Eight years before Superman appeared above the streets of Metropolis, Corbusier polemicized against modernity’s assault on the human sensorium. Using language that first recalls Benjamin, Kracauer, and other nascent critical theorists of the early twentieth century, his shock polemic abruptly turns toward severe social realignment: “man lives in a perpetual state of instability, insecurity, fatigue, and accumulating delusions. Our physical and nervous organization is brutalized and battered by this torrent; it makes its protest, of course, but it will soon give way unless some energetic decision, far-sighted and not too long delayed, brings order once more to a situation that is rapidly getting out of hand.”28 Superman was the New Man, the Man of Steel, the Man of Tomorrow, a “far-sighted” fellow, “not too long delayed” (faster than a locomotive) who could suffer the brutalizing shocks of modernity with neither broken bones nor neurasthenic breakdowns.
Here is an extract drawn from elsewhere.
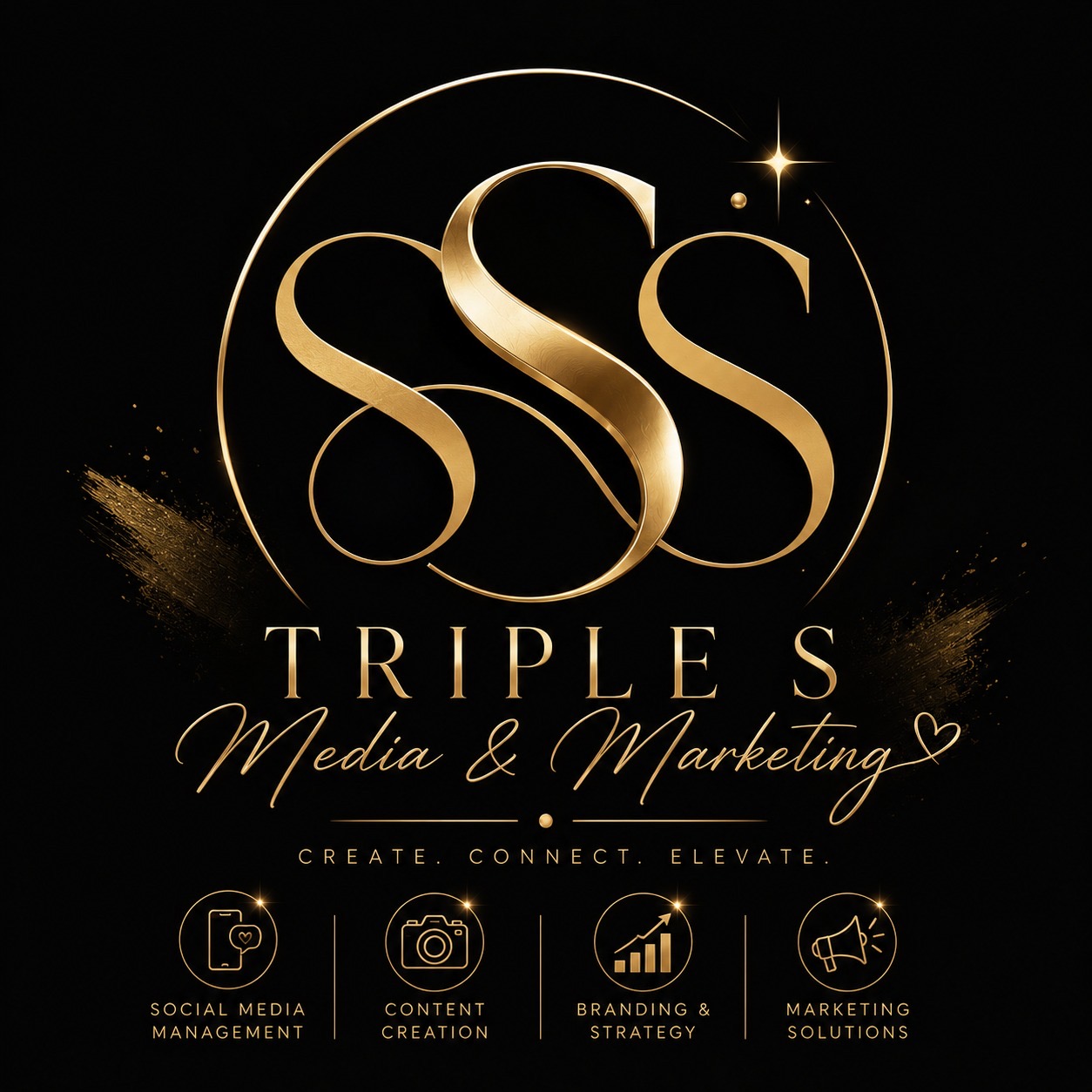 Triple S Media & Marketing logo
Superior senses and a body so strong that “nothing less than a bursting shell could penetrate his skin” made him the first perfect citizen of the modern Metropolis. But if Superman was the perfect citizen, Lex Luthor is its perfect manager. Lex was retooled in the 1980s and 1990s as the flip side of Superman’s democratic radiance. He emerged as the Master of Metropolis—a corporate city planner discontented with this unpredictable individualist sailing through his skies. Luthor, not Superman, best personifies Corbusier’s call to order and energetic decision. “Metropolis was nothing until I rebuilt it according to my vision,” he ruminates. “All in all, it’s a perfect picture of order.” But Superman, “an alien with freakish powers,” threatens the control of “me, the true Master of Metropolis.” Luthor combined the instrumental reason of Corbusier, the independent bureaucratic clout and self-aggrandizement of Robert Moses, and the ruthless baldness of Edward Arnold in Meet John Doe. And so Metropolis, whether operating under the gaze of Superman or Luthor, remains primarily on Corbusier’s turf.